▶ **Dataset extract**
- - - - - - -

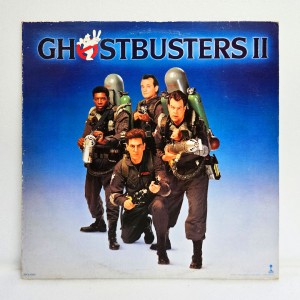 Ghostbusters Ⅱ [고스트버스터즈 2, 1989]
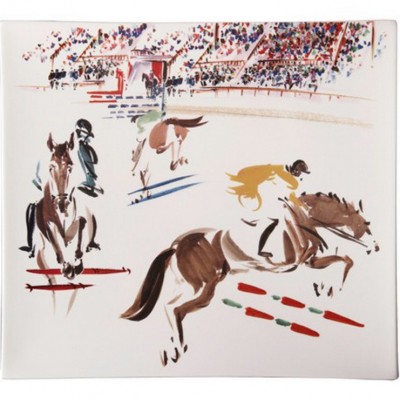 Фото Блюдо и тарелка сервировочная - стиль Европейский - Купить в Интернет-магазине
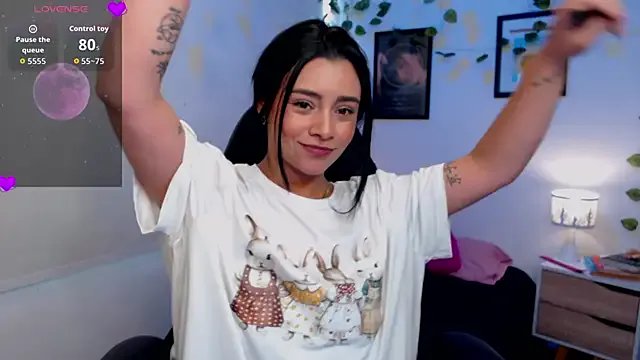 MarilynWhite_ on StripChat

- - - - - - -

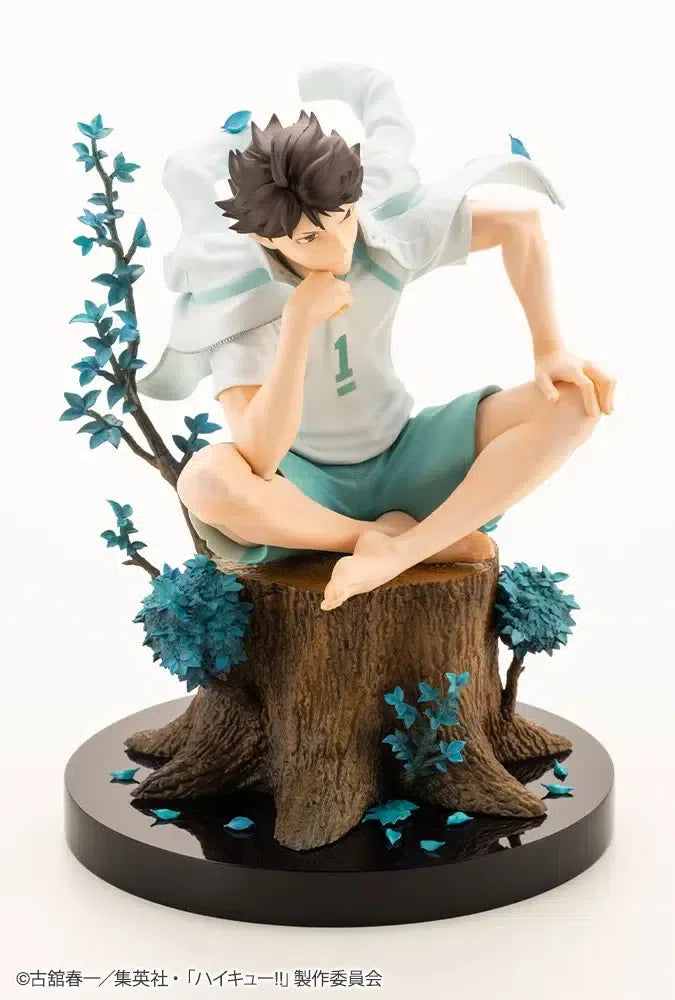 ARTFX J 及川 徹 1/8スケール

- - - - - - -

▶ **What to work on**
Each line from the one that contains "Фото Блюдо и" down to the one that contains "MarilynWhite_ on StripChat" is to be returned exactly as it stands above, both ends included, with pictures removed.

▶ **Answer to the problem**
 Фото Блюдо и тарелка сервировочная - стиль Европейский - Купить в Интернет-магазине
 MarilynWhite_ on StripChat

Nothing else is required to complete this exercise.